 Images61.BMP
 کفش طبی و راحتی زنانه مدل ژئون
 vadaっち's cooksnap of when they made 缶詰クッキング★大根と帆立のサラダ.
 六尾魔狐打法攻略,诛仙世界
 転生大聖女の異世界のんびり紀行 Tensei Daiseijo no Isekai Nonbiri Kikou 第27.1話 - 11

* Task: Restate the data above exactly, keeping each word as it stands.

* Completed task:
 Images61.BMP
 کفش طبی و راحتی زنانه مدل ژئون
 vadaっち's cooksnap of when they made 缶詰クッキング★大根と帆立のサラダ.
 六尾魔狐打法攻略,诛仙世界
 転生大聖女の異世界のんびり紀行 Tensei Daiseijo no Isekai Nonbiri Kikou 第27.1話 - 11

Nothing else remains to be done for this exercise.